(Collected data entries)
■ ■ ■
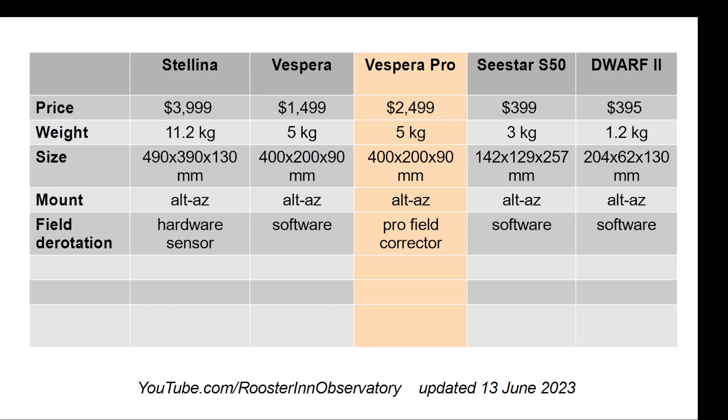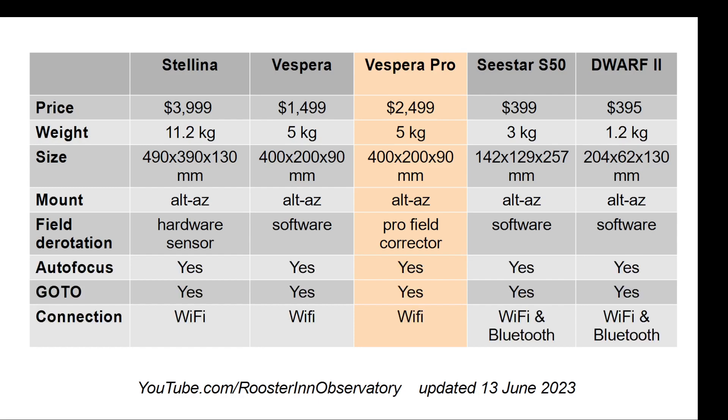Stellina stands alone here, having a hardware sensor rotator. The sensor itself within Stellina rotates to keep track of the movement of the Earth, and this has been an incredible feature. The C-Star and Dwarf use software, and the corrector there is not as good as I'd like to see. So I'm anxious to see what Vespera Pro brings to the table.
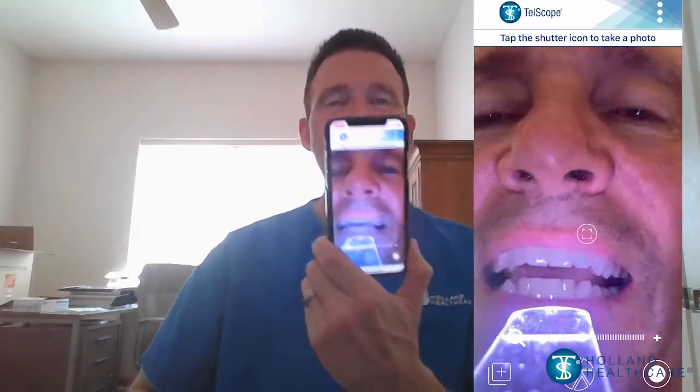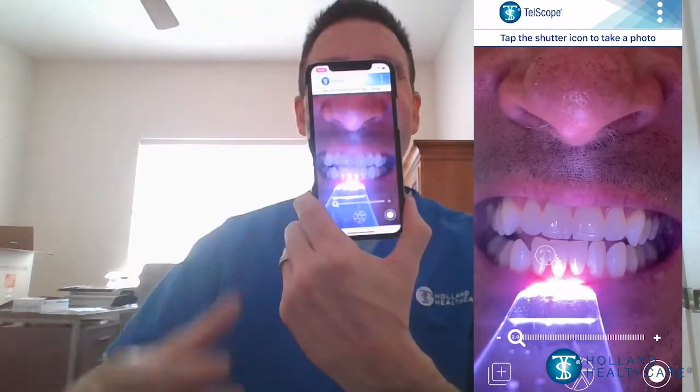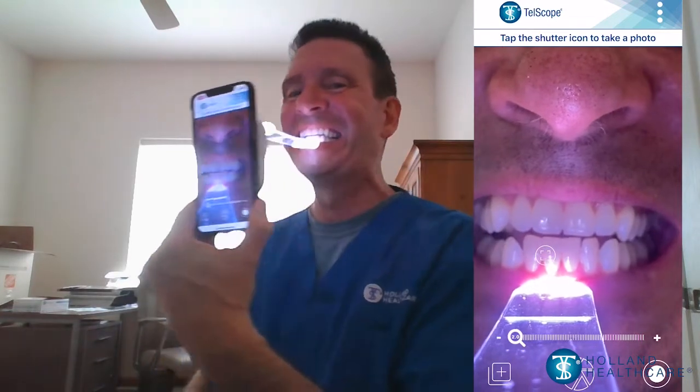The single-use blade connects to the Telescope handle, which is rechargeable. Once the blade is attached, the illumination is activated. The handle and blade can then be easily attached to a smartphone or tablet. The Telescope app integrates with the camera and sets the appropriate magnification and lighting settings.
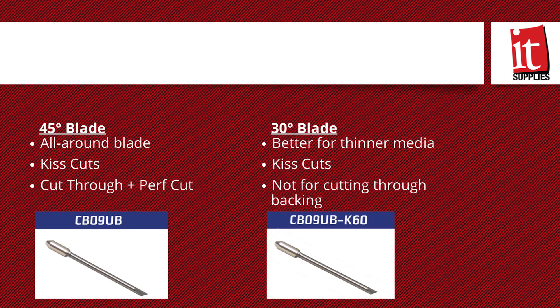The 45-degree blade and the 30-degree blade — which do I choose? The 30-degree blade is better for thinner media, as the blade cannot plunge into the media as deep as the 45-degree blade. This is especially important when you do not want to cut through the material backing, like a kiss cut. The 45-degree blade can be used to kiss cut material as well as perform a cut-through, or what we call a perforated cut.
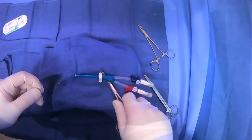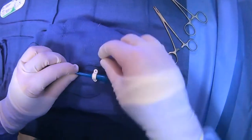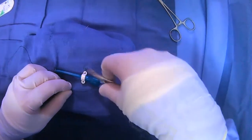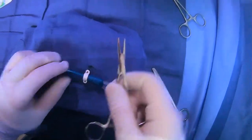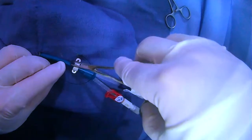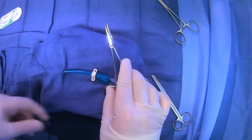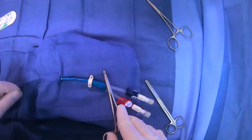Then you can just disengage your clamp and pull the string through like so. It might get a little tricky here, but we'll just grab the tip of our suture. And now we can instrument tie as well.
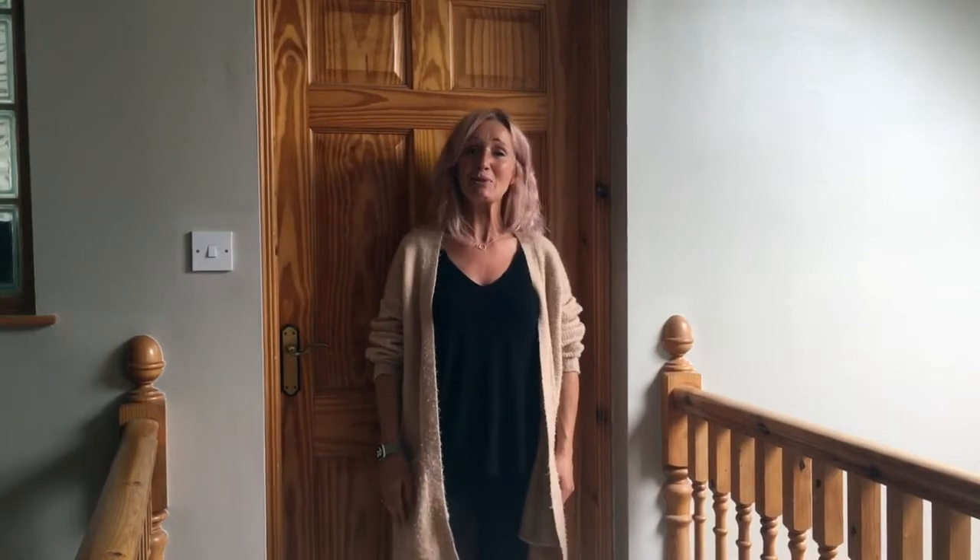Hi everybody, it's Wendy here and I'm part of the family at Coswick's Vineyard. How are you all keeping? I hope you're doing really well.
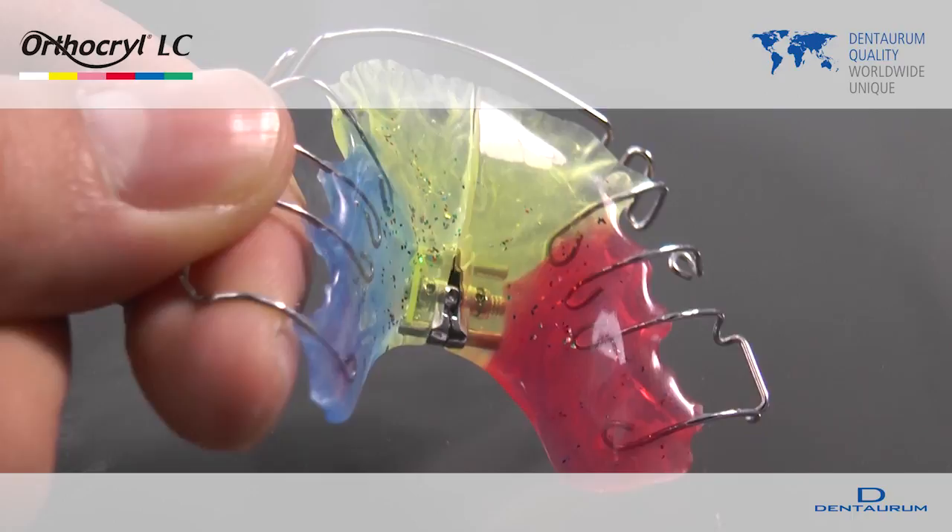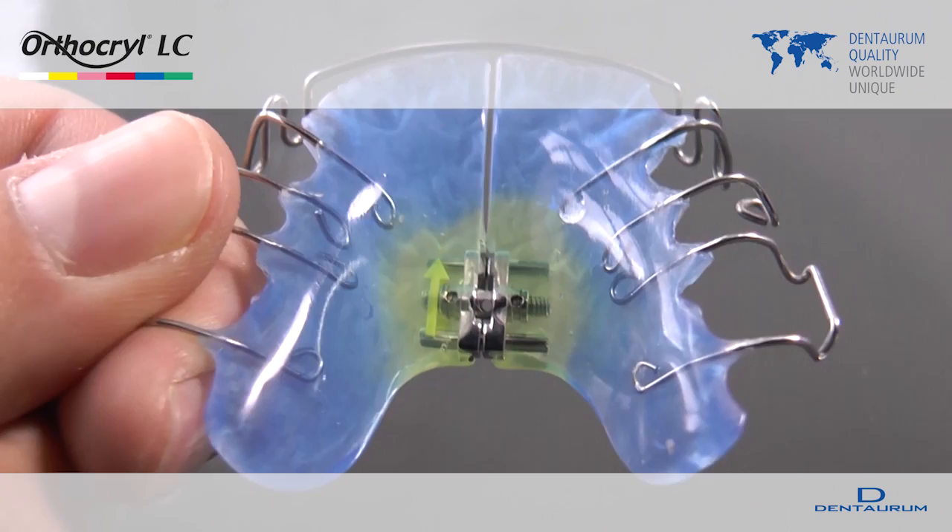OrthoKryl LC is suitable for the manufacture of removable and fixed orthodontic appliances. It can also be used for the fabrication of anti-snoring devices and drilling templates for implants. OrthoKryl LC does not contain methyl methacrylate or dibenzoyl peroxide.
■ ■ ■
EXERCISE OBJECTIVE | Every record must be transcribed faithfully, with no picture carried over.

RESPONSE |
Stellina stands alone here, having a hardware sensor rotator. The sensor itself within Stellina rotates to keep track of the movement of the Earth, and this has been an incredible feature. The C-Star and Dwarf use software, and the corrector there is not as good as I'd like to see. So I'm anxious to see what Vespera Pro brings to the table.
The single-use blade connects to the Telescope handle, which is rechargeable. Once the blade is attached, the illumination is activated. The handle and blade can then be easily attached to a smartphone or tablet. The Telescope app integrates with the camera and sets the appropriate magnification and lighting settings.
The 45-degree blade and the 30-degree blade — which do I choose? The 30-degree blade is better for thinner media, as the blade cannot plunge into the media as deep as the 45-degree blade. This is especially important when you do not want to cut through the material backing, like a kiss cut. The 45-degree blade can be used to kiss cut material as well as perform a cut-through, or what we call a perforated cut.
Then you can just disengage your clamp and pull the string through like so. It might get a little tricky here, but we'll just grab the tip of our suture. And now we can instrument tie as well.
Hi everybody, it's Wendy here and I'm part of the family at Coswick's Vineyard. How are you all keeping? I hope you're doing really well.
OrthoKryl LC is suitable for the manufacture of removable and fixed orthodontic appliances. It can also be used for the fabrication of anti-snoring devices and drilling templates for implants. OrthoKryl LC does not contain methyl methacrylate or dibenzoyl peroxide.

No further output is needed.